With no offer accepted by Albion, Odemwingie was forced to head back to the Black Country with his tail between his legs.

An eloquent and engaging character, he tells a self-deprecating story about the incident now, but it illustrates the pickle footballers – or should I say forwards – often get themselves in when the transfer window is in full swing.

This week Harry Kane failed to turn up for training at Tottenham Hotspur as he tries to push through a move to Manchester City.

Given the reputation he has forged over a career based on integrity, professionalism and honesty it could be argued that this is the most wantaway act of all.

Kane, darling of the media and captain of England, has resorted to something as clichéd as failing to report to training in order to force Spurs owner Daniel Levy’s hand.

At the moment the affair is falling just short of a saga and has not yet got messy or protracted.
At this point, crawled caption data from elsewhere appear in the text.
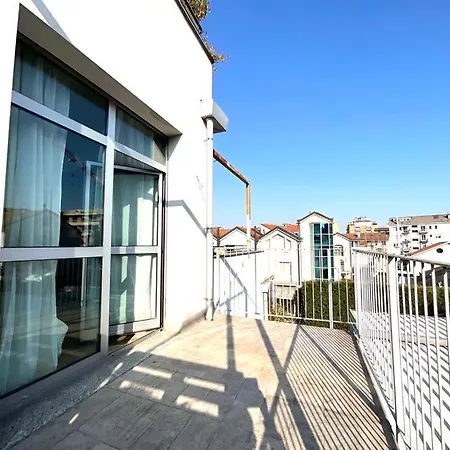 Апартаменты Your Apartments In Navigli District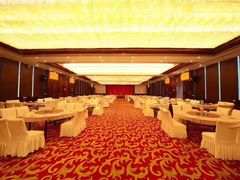 店内布置-御龙宴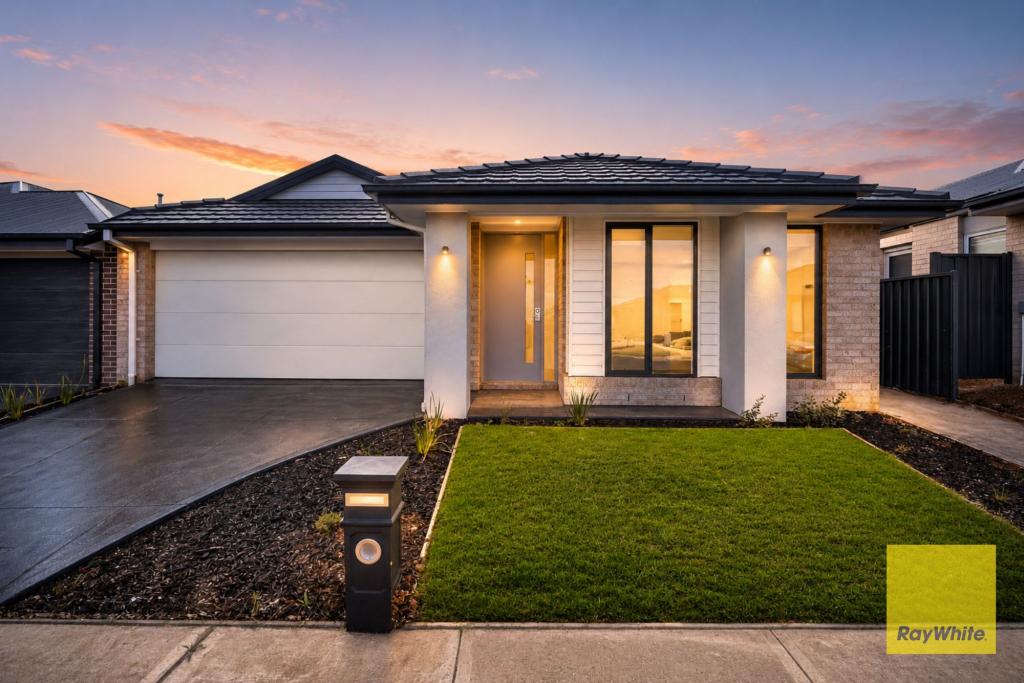 22 YUCAMANE DR, TRUGANINA, VIC 3029
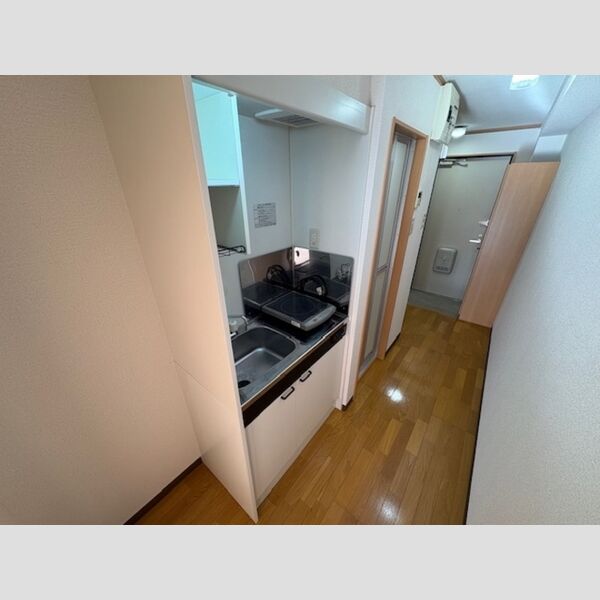 キッチン (キッチン)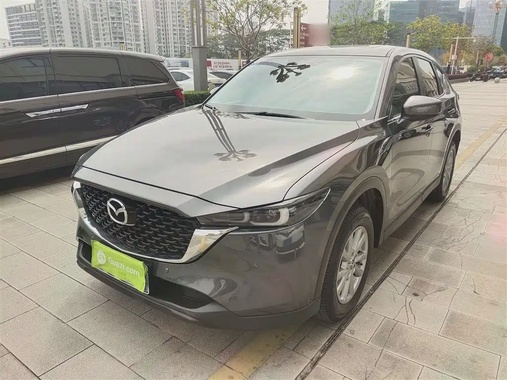 Mazda CX-5 2024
But give it a few more days and the whole thing could become a circus.

And if you are looking for the most infamous transfer tale in British football history, there is surely nowhere else to go than Nottingham Forest in the summer of 1998 and their wantaway Dutch striker Pierre Van Hooijdonk.

It had all started so well when Forest’s talisman scored 34 goals in all competitions to help the club win promotion to the Premier League ahead of the 1998/99 season.

But his relationship with manager Dave Bassett had become strained after the player indicated he wanted to return to Holland.

Following an underwhelming summer transfer strategy at the City Ground, when Van Hooijdonk’s strike partner Kevin Campbell was sold along with club captain Colin Cooper, the forward’s mood darkened. He tried to persuade Bassett to sign his compatriot Wim Jonk, but the manager was not interested and the Dutch international midfielder went to Sheffield Wednesday instead. Van Hooijdonk decided drastic action was needed. He went on strike.

“We had a problem with Van Hooijdonk,” said Bassett, recalling the incident many years later. “He wanted to be chairman, director of football, coach and captain.”

Even in the pre-digital era with no 24-hour rolling news channels in sight, the story generated huge coverage.

Forest’s training ground was regularly besieged with reporters looking for the latest take on the situation.

It was the strangest of stand-offs, with chairman Irving Scholar, manager Bassett, the players and fans regularly canvassed for their opinions while Van Hooijdonk remained an absent figure.

The strike lasted until November. He missed 11 games before eventually returning ahead of an East Midlands derby against arch-rivals Derby County, with Forest mired in a relegation battle.

Van Hooijdonk’s header from a corner helped secure a 2-2 draw at the City Ground. Perhaps as memorable as the goal itself was the celebration, with Forest’s players running off to congratulate the corner taker Scott Gemmill rather than the man who nodded it in.

Van Hooijdonk’s return could not save Forest, though. Bassett was sometimes unfairly accused of being yesterday’s man with a penchant for long ball tactics, but that stopped when he was replaced mid-season by Ron Atkinson who was from a bygone era altogether. Atkinson oversaw an 8-1 home defeat to Manchester United as Forest finished rock bottom of the Premier League.

Van Hooijdonk finally got his move, to Vitesse Arnhem for just £3.5million in the summer of 1999.

Although his bridges had been burnt in England he was far from a busted flush, going on to score over 100 more goals and win a European trophy. He memorably scored twice for Feyenoord in their 2002 Uefa Cup final win against Borussia Dortmund.

It is a desire for trophies that is behind Kane’s latest manoeuvre.

The longer the impasse goes on the worse it will be for all parties.

With Manchester City happy to let time play out, it seems that either Kane or Levy is going to have to make a significant concession.

There is some way to go if the events of Nottingham in 1998 are to be matched but, whatever the outcome, Kane could do with wrapping the story up as soon as possible. Wantaway or not.